Microsoft has put forward a new proposal to bring an optional type syntax to JavaScript, which could make JavaScript natively come with some of the features of TypeScript, making the TypeScript language faster and easier to use.

optional type syntax to JavaScript

Specifically, the proposal calls for Type Annotations to be added to JavaScript code, allowing type annotations to be checked by external type checkers. At runtime, the JavaScript engine would ignore these annotations and treat these types as annotations. The proposal would require JavaScript to delineate a syntax for types that the JavaScript engine would ignore, but tools such as TypeScript, Flow, etc. could use. This proposal would add an optional type syntax to ECMAScript.

The proposal is intended to allow developers to run programs written in TypeScript, Flow or other statically typed JavaScript supersets without the need for transcripts. Microsoft said in the announcement that the new syntax will effectively serve as a comment without changing the way the code runs.

In its proposal, Microsoft also said that the case for static type checking has proven quite successful over the past decade. Significant investments in JavaScript (such as Microsoft TypeScript, Google Closure Compiler, and Facebook Flow) have provided convenient syntax for declaring and using types in JavaScript, and have yielded the productivity gains seen in other statically typed languages. Most of their syntax does not affect runtime semantics, and in fact most of the work to convert these variants to plain JavaScript is in removing types.


In addition, static typing has been a strongly requested feature by JavaScript developers in the 2020 and 2021 JS surveys.
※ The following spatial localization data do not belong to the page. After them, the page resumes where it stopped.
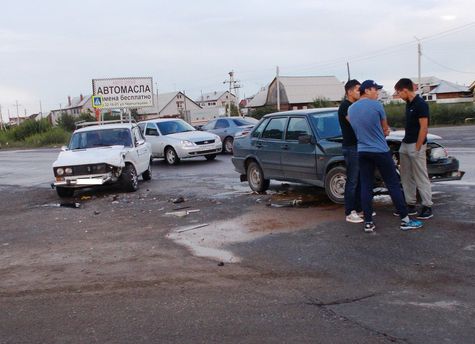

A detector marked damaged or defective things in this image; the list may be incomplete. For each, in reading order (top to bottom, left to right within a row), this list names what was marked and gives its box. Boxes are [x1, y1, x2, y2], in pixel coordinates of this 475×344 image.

damaged white car [50, 122, 151, 198]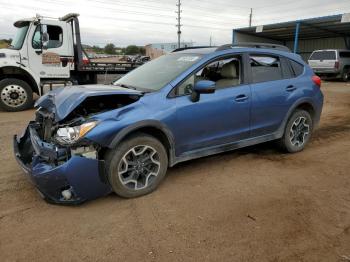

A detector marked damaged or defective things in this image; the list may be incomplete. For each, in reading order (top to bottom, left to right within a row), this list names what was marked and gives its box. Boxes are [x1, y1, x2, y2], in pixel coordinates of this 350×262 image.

crushed front end [13, 107, 111, 204]
detached front bumper [13, 124, 111, 205]
broken headlight [55, 121, 97, 144]
crumpled hood [36, 85, 144, 122]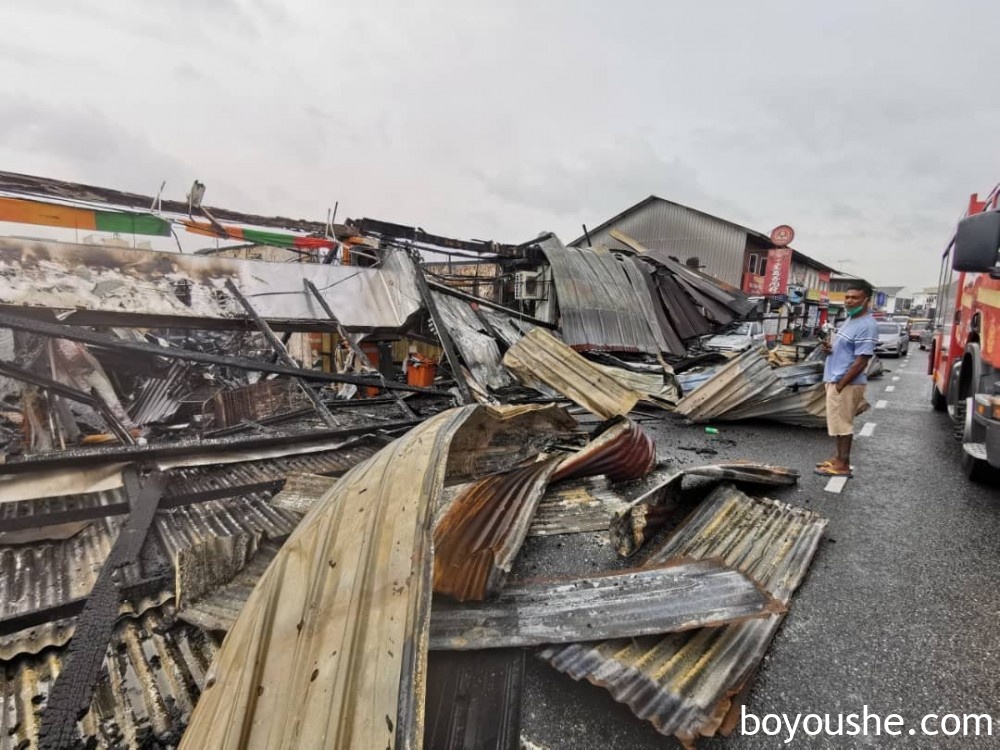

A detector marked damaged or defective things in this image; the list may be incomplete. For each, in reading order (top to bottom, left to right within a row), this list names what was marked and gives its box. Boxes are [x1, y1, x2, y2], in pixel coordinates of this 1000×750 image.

rusty metal sheet [0, 238, 418, 332]
rusty metal sheet [540, 236, 664, 354]
rusty metal sheet [504, 332, 636, 420]
rusty metal sheet [556, 420, 656, 484]
rusty metal sheet [179, 406, 572, 750]
rusty metal sheet [436, 458, 568, 604]
rusty metal sheet [426, 560, 776, 656]
rusty metal sheet [540, 488, 828, 748]
rusty metal sheet [424, 652, 524, 750]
The rise of type syntax in JavaScript has coincided with the rise of lower-level compilation (or transcoding). Because type syntax is not natively supported in JavaScript, there must be a tool that can remove these types before running the code. For type systems like TypeScript and Flow, it makes sense to combine a type-removal step with syntax degradation so that users do not need to run a separate tool.

This proposal would reduce the need for build steps, make some development setups easier, and users would be able to run the code they write more simply.

Microsoft’s proposal does not require TypeScript type checking to be placed in every browser and JavaScript runtime, nor does it require a new type checker to be placed in the browser. Microsoft believes this would create runtime performance and compatibility issues for JavaScript and TypeScript users, and potentially prevent innovation. The proposal is currently in Stage 0, and more information about the proposal can be found on Microsoft’s official page.